[PROVIDED DATA — start]
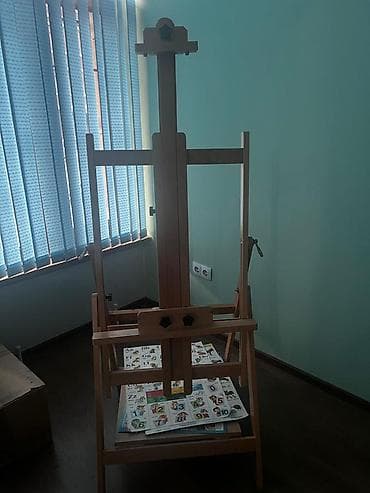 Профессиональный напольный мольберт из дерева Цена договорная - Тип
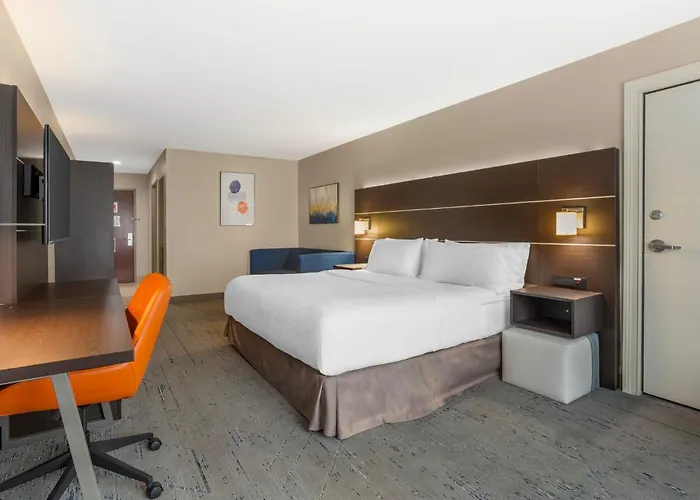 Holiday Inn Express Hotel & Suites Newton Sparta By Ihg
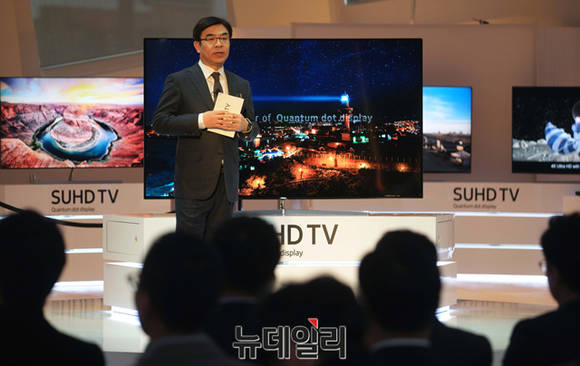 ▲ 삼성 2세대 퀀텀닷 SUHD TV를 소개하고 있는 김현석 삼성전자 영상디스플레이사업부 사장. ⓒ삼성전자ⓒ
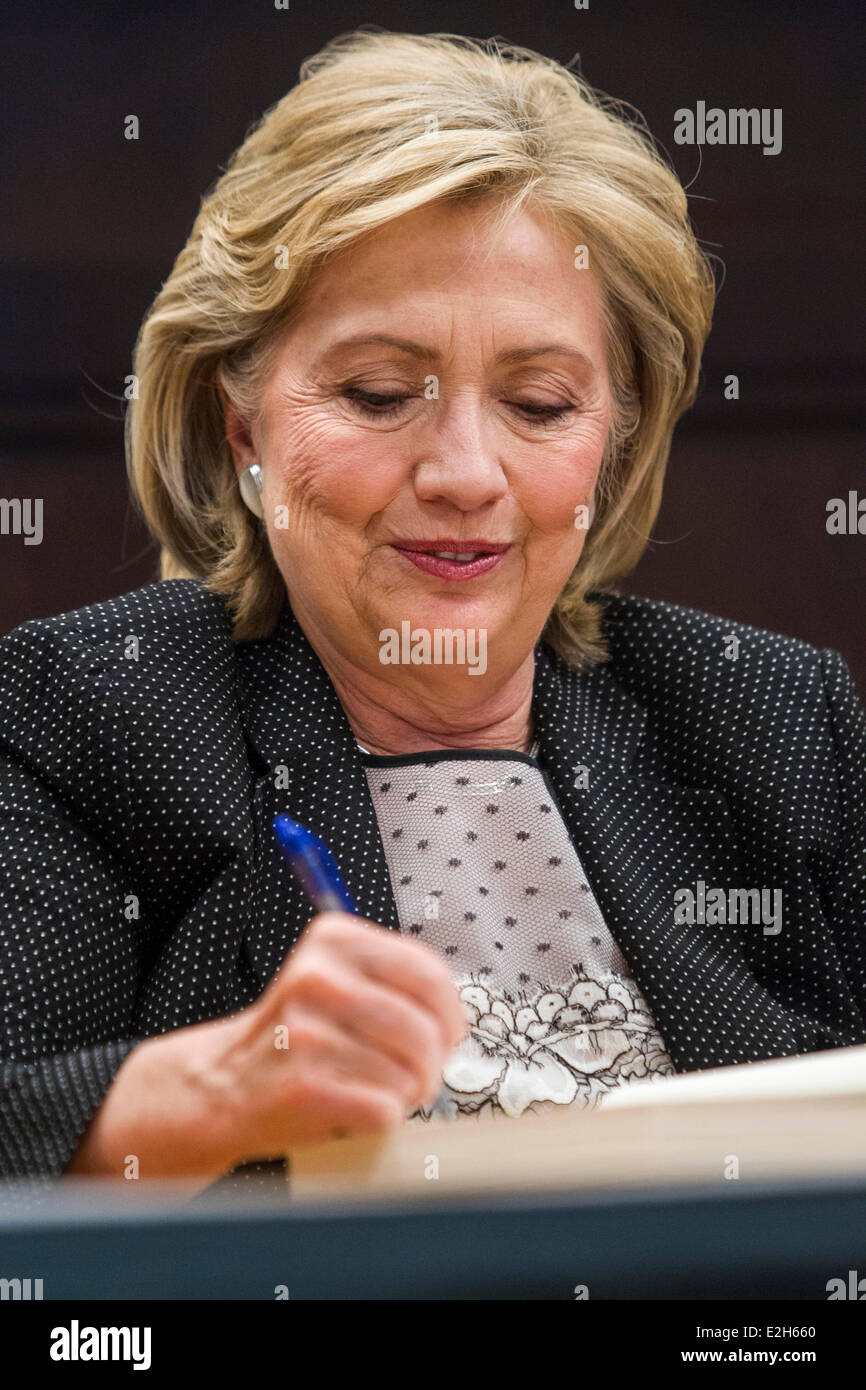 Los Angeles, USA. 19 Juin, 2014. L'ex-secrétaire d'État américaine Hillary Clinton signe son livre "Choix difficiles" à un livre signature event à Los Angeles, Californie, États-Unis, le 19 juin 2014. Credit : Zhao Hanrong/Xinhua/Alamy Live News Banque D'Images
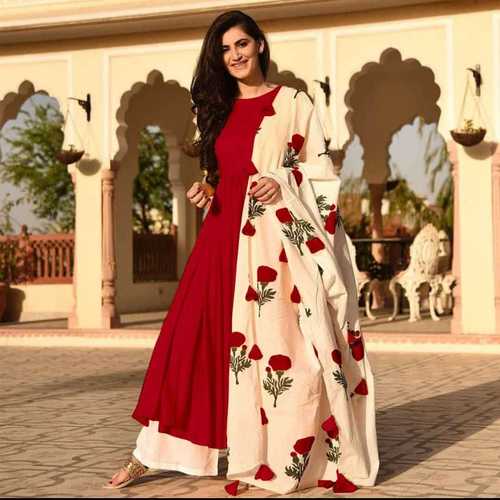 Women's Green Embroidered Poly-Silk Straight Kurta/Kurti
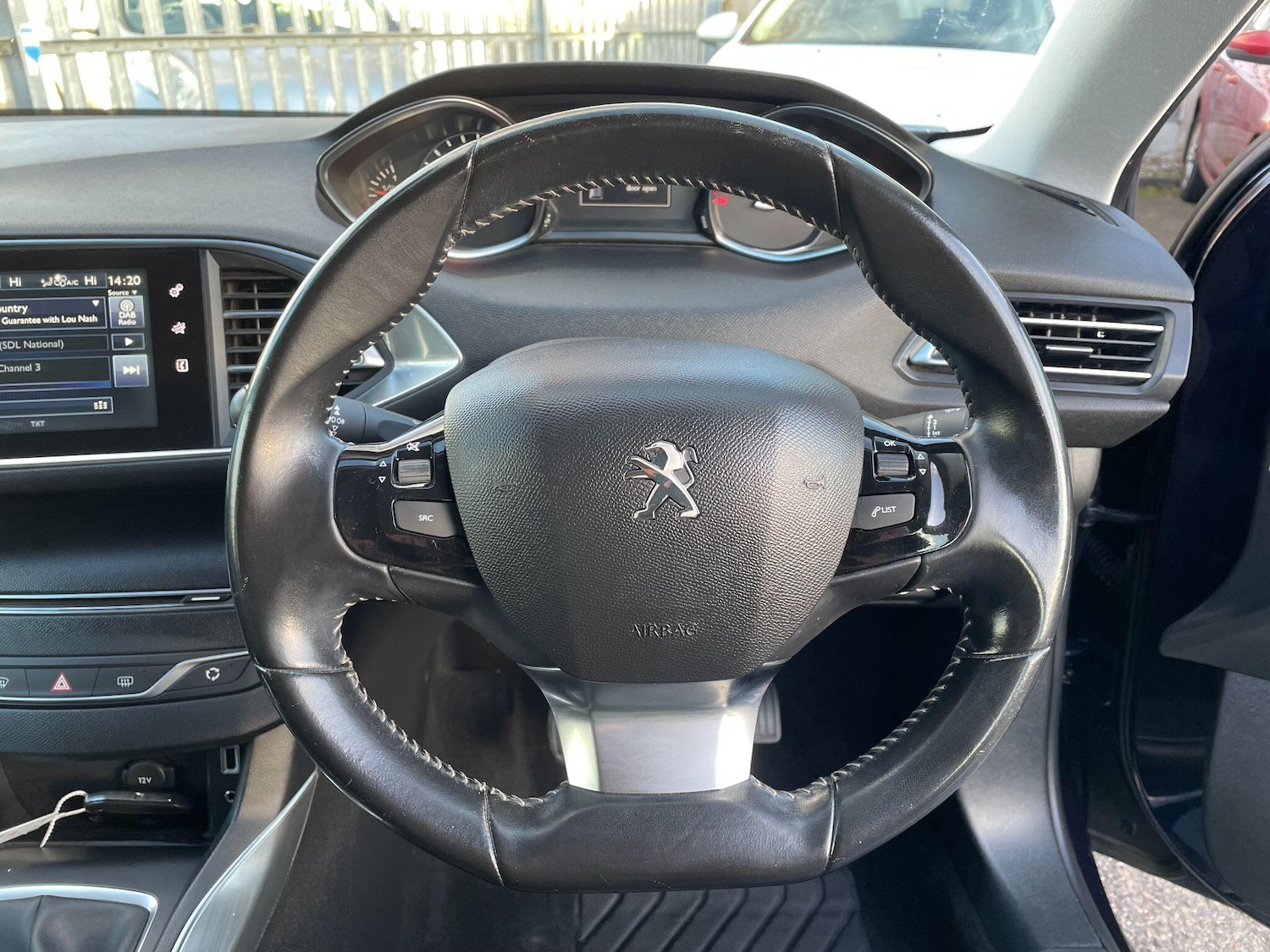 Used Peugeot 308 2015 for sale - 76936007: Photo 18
[PROVIDED DATA — finish]
[PROVIDED DATA — start]
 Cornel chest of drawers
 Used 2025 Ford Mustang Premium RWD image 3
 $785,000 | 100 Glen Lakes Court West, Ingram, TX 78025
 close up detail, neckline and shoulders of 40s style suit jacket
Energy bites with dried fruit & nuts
[PROVIDED DATA — finish]
Output exactly the lines above, from the line with "Women's Green Embroidered" to the line with "Used Peugeot 308", both included; skip the pictures.

RESPONSE ▸
 Women's Green Embroidered Poly-Silk Straight Kurta/Kurti
 Used Peugeot 308 2015 for sale - 76936007: Photo 18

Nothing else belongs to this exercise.